EXERCISE AIM: Only one stretch of the records below should be repeated. It starts with the line containing "Verifican cumplimiento de vedas en Río Dulce" and goes on through the line containing "Gasp Thermal sl Hoodie, Washed Black", exactly as written.

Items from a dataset
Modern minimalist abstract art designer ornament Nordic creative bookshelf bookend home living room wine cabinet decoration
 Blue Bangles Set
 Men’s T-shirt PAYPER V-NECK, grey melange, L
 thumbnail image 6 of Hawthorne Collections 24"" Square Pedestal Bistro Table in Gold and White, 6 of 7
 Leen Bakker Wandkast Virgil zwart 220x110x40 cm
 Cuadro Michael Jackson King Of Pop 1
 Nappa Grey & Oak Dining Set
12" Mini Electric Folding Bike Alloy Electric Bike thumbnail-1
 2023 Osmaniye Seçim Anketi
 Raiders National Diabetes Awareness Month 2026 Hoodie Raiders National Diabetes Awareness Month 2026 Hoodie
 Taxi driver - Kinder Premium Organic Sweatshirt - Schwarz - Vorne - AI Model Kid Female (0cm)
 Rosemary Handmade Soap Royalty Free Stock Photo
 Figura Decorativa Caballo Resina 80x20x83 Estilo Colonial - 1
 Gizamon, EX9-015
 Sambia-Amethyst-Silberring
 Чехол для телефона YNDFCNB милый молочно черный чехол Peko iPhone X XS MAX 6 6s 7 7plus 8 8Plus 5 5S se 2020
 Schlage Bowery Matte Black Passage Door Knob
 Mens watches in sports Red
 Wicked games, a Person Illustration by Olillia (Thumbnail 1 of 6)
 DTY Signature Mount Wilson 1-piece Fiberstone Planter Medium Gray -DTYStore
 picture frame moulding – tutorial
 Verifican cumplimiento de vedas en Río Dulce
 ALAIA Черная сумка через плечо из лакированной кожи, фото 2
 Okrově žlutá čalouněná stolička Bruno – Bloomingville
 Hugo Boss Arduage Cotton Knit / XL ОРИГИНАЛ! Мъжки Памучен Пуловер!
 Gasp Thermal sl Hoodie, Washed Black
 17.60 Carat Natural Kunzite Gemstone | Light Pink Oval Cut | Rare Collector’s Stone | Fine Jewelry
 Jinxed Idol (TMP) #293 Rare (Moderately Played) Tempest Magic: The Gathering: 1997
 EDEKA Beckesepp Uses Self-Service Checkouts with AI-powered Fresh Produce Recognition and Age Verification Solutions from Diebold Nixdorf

SOLUTION TO THIS PROBLEM:
 Verifican cumplimiento de vedas en Río Dulce
 ALAIA Черная сумка через плечо из лакированной кожи, фото 2
 Okrově žlutá čalouněná stolička Bruno – Bloomingville
 Hugo Boss Arduage Cotton Knit / XL ОРИГИНАЛ! Мъжки Памучен Пуловер!
 Gasp Thermal sl Hoodie, Washed Black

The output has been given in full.